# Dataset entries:
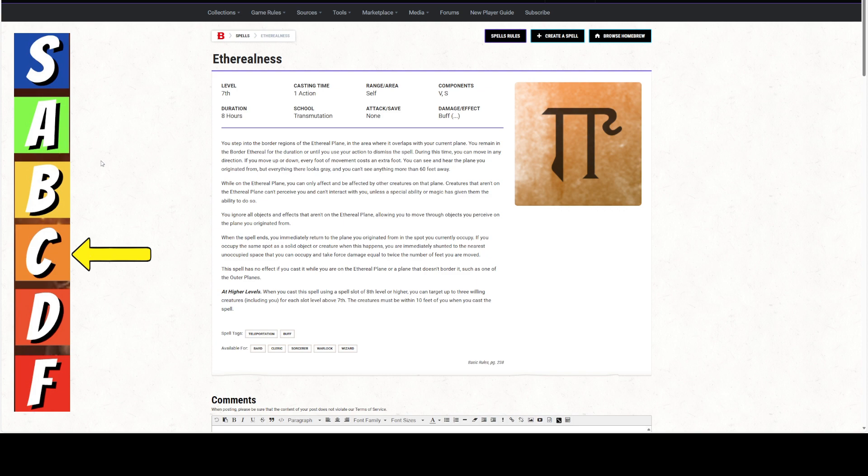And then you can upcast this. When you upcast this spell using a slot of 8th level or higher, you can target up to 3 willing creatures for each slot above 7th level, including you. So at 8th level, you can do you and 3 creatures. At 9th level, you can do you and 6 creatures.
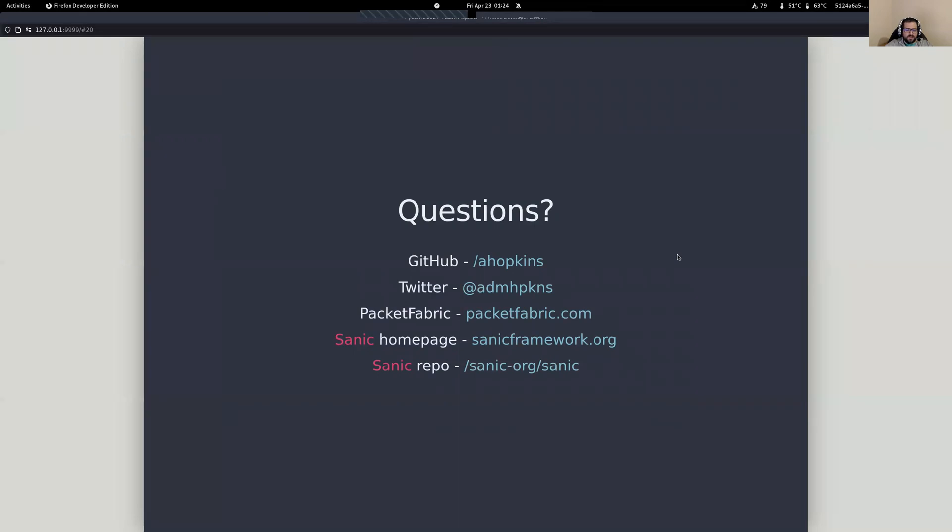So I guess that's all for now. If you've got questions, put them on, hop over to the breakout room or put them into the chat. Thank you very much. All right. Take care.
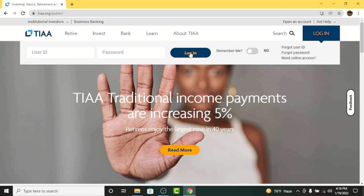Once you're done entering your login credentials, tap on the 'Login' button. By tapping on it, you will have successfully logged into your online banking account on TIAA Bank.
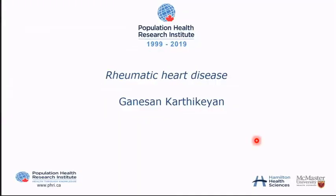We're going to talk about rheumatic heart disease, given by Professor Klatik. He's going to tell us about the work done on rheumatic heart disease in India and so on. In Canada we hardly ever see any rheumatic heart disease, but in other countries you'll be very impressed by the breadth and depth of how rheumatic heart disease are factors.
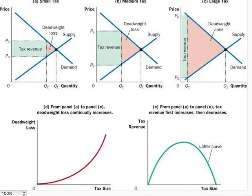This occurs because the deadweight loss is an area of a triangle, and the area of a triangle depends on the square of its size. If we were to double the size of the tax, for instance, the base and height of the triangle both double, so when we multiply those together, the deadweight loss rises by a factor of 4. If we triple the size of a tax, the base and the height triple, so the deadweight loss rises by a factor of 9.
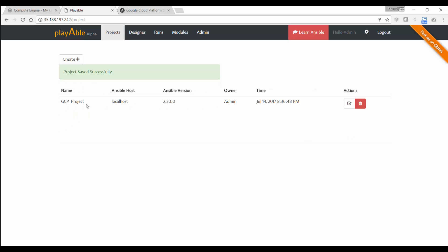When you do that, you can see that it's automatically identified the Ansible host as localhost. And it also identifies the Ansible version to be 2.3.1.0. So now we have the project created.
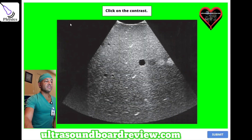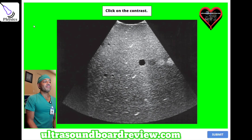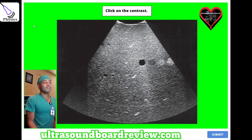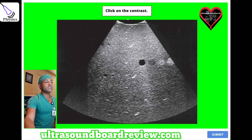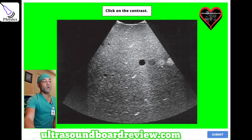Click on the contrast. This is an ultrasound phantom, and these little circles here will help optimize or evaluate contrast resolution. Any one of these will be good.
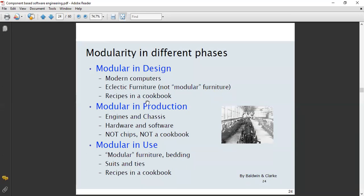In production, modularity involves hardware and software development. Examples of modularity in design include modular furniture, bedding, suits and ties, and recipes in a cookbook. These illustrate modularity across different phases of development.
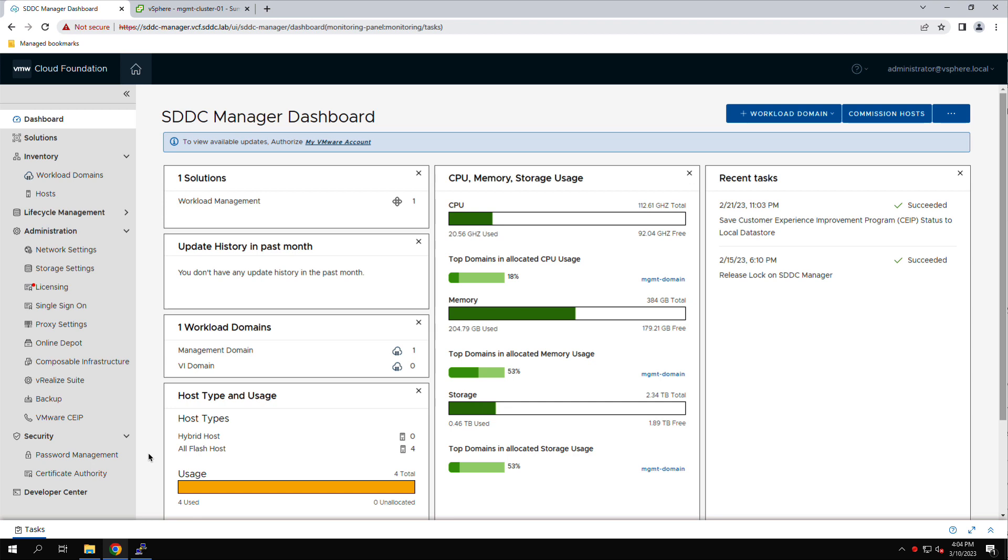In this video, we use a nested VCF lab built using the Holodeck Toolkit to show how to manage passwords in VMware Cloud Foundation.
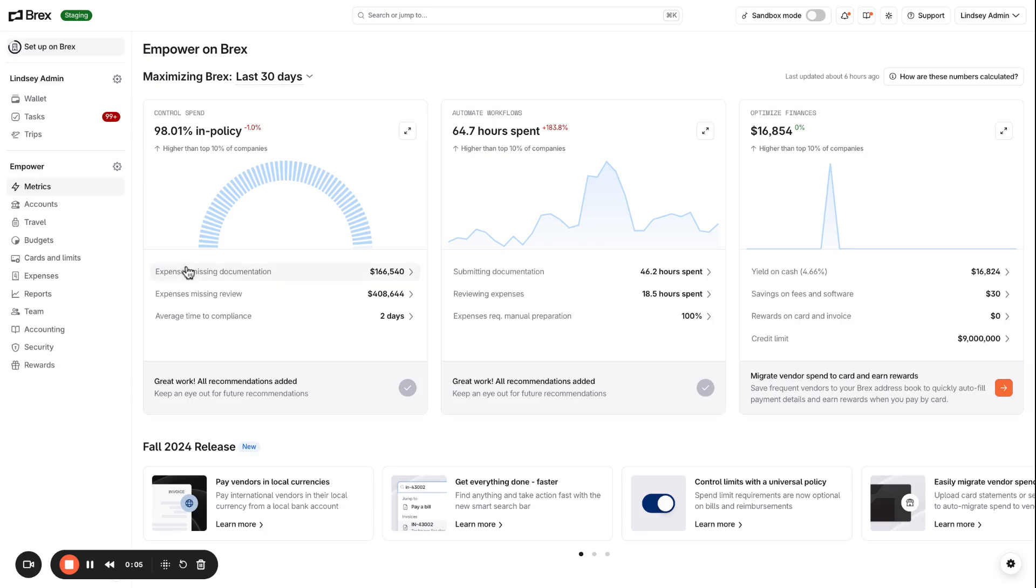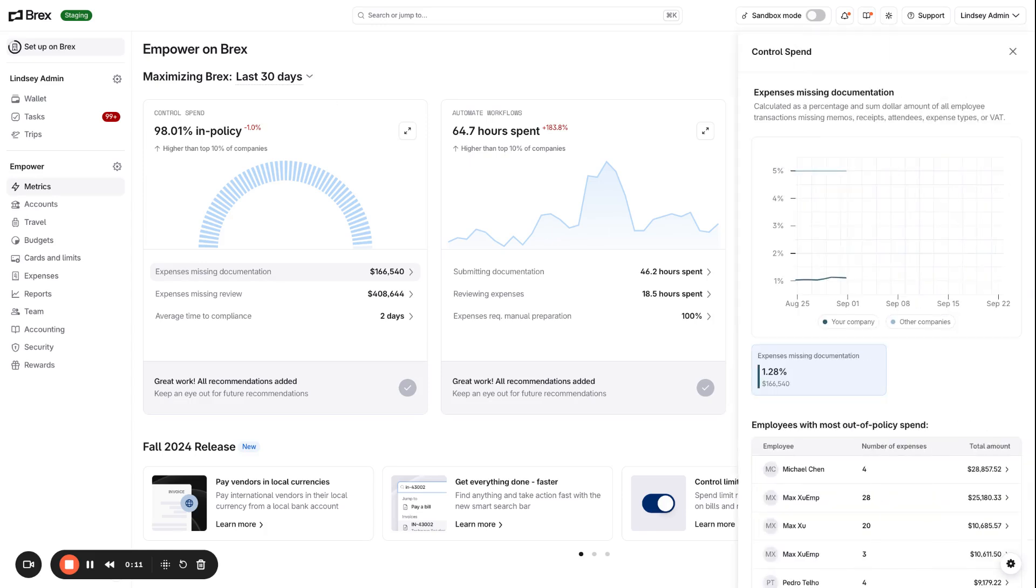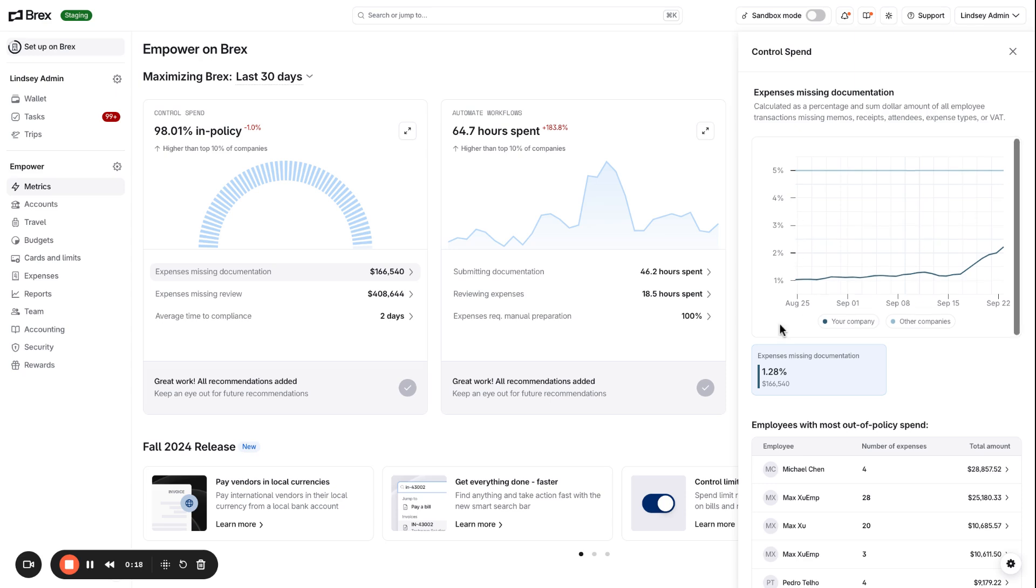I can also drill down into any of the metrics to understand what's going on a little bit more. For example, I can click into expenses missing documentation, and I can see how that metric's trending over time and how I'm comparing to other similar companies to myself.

# Your goal:
Print exactly the line containing "Once you're done" and every line after it through the final line above, and leave all pictures out.

# Finished exercise:
Once you're done entering your login credentials, tap on the 'Login' button. By tapping on it, you will have successfully logged into your online banking account on TIAA Bank.
We're going to talk about rheumatic heart disease, given by Professor Klatik. He's going to tell us about the work done on rheumatic heart disease in India and so on. In Canada we hardly ever see any rheumatic heart disease, but in other countries you'll be very impressed by the breadth and depth of how rheumatic heart disease are factors.
This occurs because the deadweight loss is an area of a triangle, and the area of a triangle depends on the square of its size. If we were to double the size of the tax, for instance, the base and height of the triangle both double, so when we multiply those together, the deadweight loss rises by a factor of 4. If we triple the size of a tax, the base and the height triple, so the deadweight loss rises by a factor of 9.
When you do that, you can see that it's automatically identified the Ansible host as localhost. And it also identifies the Ansible version to be 2.3.1.0. So now we have the project created.
Click on the contrast. This is an ultrasound phantom, and these little circles here will help optimize or evaluate contrast resolution. Any one of these will be good.
In production, modularity involves hardware and software development. Examples of modularity in design include modular furniture, bedding, suits and ties, and recipes in a cookbook. These illustrate modularity across different phases of development.
In this video, we use a nested VCF lab built using the Holodeck Toolkit to show how to manage passwords in VMware Cloud Foundation.
I can also drill down into any of the metrics to understand what's going on a little bit more. For example, I can click into expenses missing documentation, and I can see how that metric's trending over time and how I'm comparing to other similar companies to myself.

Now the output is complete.